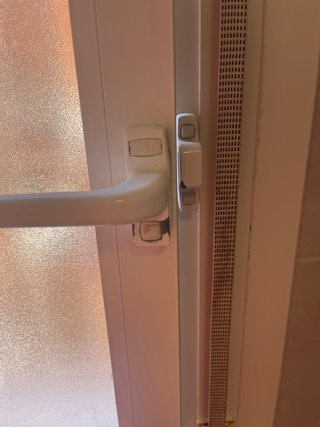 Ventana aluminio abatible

* * *

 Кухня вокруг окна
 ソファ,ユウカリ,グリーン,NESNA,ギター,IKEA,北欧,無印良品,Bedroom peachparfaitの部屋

### [WHAT THIS TASK INVOLVES]
Give only the lines from the one holding "Кухня вокруг окна" through the one holding "ソファ,ユウカリ,グリーン,NESNA,ギター,IKEA", each restated exactly as it appears above.

### [ANSWER TO THIS PROBLEM]
 Кухня вокруг окна
 ソファ,ユウカリ,グリーン,NESNA,ギター,IKEA,北欧,無印良品,Bedroom peachparfaitの部屋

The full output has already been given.